• WHAT IS NEEDED: The records below must be reproduced in full and without error.
-- EXERCISE DATA follows --
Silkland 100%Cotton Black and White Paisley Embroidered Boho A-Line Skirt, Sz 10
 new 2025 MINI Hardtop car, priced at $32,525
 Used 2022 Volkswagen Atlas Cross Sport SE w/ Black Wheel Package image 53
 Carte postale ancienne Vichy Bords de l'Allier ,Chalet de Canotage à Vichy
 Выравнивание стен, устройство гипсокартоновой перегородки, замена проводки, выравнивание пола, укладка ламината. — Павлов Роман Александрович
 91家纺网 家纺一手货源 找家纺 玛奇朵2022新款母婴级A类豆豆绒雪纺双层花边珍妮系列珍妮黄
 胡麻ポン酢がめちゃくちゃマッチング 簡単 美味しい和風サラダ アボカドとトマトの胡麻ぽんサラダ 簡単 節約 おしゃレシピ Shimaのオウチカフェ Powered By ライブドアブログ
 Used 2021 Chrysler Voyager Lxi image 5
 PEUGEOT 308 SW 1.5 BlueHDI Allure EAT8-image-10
-- EXERCISE DATA concluded --
• SOLUTION TO THE PROBLEM:
Silkland 100%Cotton Black and White Paisley Embroidered Boho A-Line Skirt, Sz 10
 new 2025 MINI Hardtop car, priced at $32,525
 Used 2022 Volkswagen Atlas Cross Sport SE w/ Black Wheel Package image 53
 Carte postale ancienne Vichy Bords de l'Allier ,Chalet de Canotage à Vichy
 Выравнивание стен, устройство гипсокартоновой перегородки, замена проводки, выравнивание пола, укладка ламината. — Павлов Роман Александрович
 91家纺网 家纺一手货源 找家纺 玛奇朵2022新款母婴级A类豆豆绒雪纺双层花边珍妮系列珍妮黄
 胡麻ポン酢がめちゃくちゃマッチング 簡単 美味しい和風サラダ アボカドとトマトの胡麻ぽんサラダ 簡単 節約 おしゃレシピ Shimaのオウチカフェ Powered By ライブドアブログ
 Used 2021 Chrysler Voyager Lxi image 5
 PEUGEOT 308 SW 1.5 BlueHDI Allure EAT8-image-10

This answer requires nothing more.